Filter and retrieve timestamped results using similarity scores, time range, video name, description, and source.
What’s being deployed#
VSS Agent: Agent service that orchestrates tool calls and model inference to answer questions and generate outputs
VSS Agent UI: Web UI with chat, video upload, and different views
VSS Video IO & Storage (VIOS): Video ingestion, recording, and playback services used by the agent for video access and management
Nemotron LLM (NIM): LLM inference service used for reasoning, tool selection, and response generation
Phoenix: Observability and telemetry service for agent workflow monitoring
ELK: Elasticsearch, Logstash and Kibana stack to index and search embeddings of video clips
Kafka: A real-time message bus to publish embeddings, to be consumed and indexed by ELK for search
RTVI-Embed: Real Time Video Intelligence Embed Microservice to generate embeddings for videos and text, based on Cosmos-Embed1
Prerequisites#
Before you begin, ensure all of the prerequisites are met. See Prerequisites for more details.
Deploy#
Note
For instructions on downloading sample data and the deployment package, see Download Sample Data and Deployment Package in the Quickstart guide.
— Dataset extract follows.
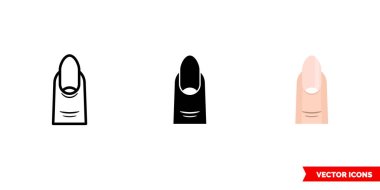 Üç çeşit yuvarlak tırnak ikonu. İzole vektör işareti sembolü.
Skip to Step 1: Deploy the Agent if you have already downloaded and deployed another agent workflow.
Step 1: Deploy the Agent#
Based on your GPU, run the following command to deploy the agent:
deployments/dev-profile.sh up -p search
deployments/dev-profile.sh up -p search -H RTX6000PROBW
deployments/dev-profile.sh up -p search -H L40S
This deployment uses the following defaults:
Host IP: Primary IP from
ip routeLLM mode: local_shared
LLM model: nvidia-nemotron-nano-9b-v2
This command will download the necessary containers from the NGC Docker registry and start the agent. Depending on your network speed, this may take a few minutes.
Note
NGC API Key: The deployment requires an NGC CLI API key. You can either set it as an environment variable (export NGC_CLI_API_KEY='your_ngc_api_key') or pass it as a command-line argument using -k 'your_ngc_api_key'.
Note
For advanced deployment options such as hardware profiles and NIM configurations, see Advanced Deployment Options.
Once complete, check that all the containers are running and healthy:
docker ps
Once all the containers are running, you can access the agent UI at http://<HOST_IP>:3000/.
Step 2: Upload a video#
Click on the Video Management tab.
Click the Upload Video button.
Select the video file
warehouse_sample.mp4from your local machine.
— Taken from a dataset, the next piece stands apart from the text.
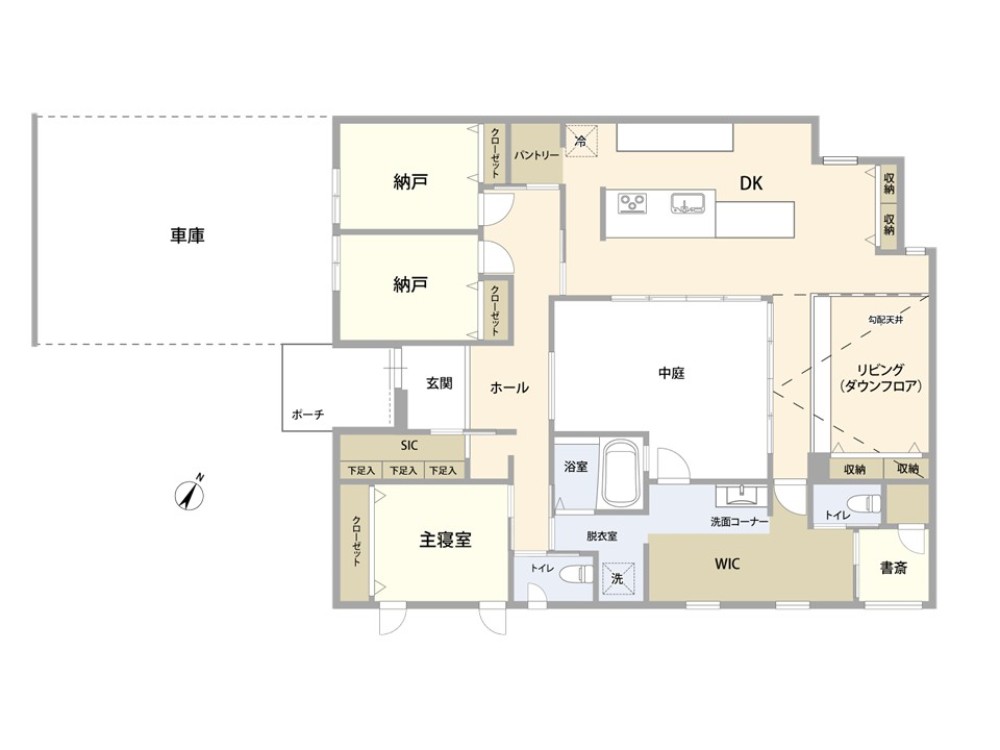 設計事務所デザインによるガレージ付き平家建！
Once the video(s) is/are selected, click the Upload button and wait for the video(s) to be uploaded. It may take a few minutes depending on the size of the video(s). Once the video(s) is successfully uploaded, it will appear in the video list.
Note
Vector embeddings generated for the uploaded videos remain only until minimum index age is reached (from the time of first upload).
After that, the embeddings are deleted and the uploaded videos are no longer searchable.
However, the uploaded videos are still accessible in the video management tab. The videos have to be re-uploaded to make them searchable again.
Default minimum index age is 8 hours for the Search Workflow. This can be configured in the ILM (Index Lifecycle Management) policy settings in the Dashboard, before the index is expired.
Step 3: Search with a simple query#
Navigate to the Search tab and enter a natural language query in the Search box. For example:
a person carrying boxes
Click the Search button to execute the query. The agent will return video clips that match your search description.
Note
By default, the Show top K Results filter is applied to display the top 10 results. This value can be changed in the filters to show more or fewer results.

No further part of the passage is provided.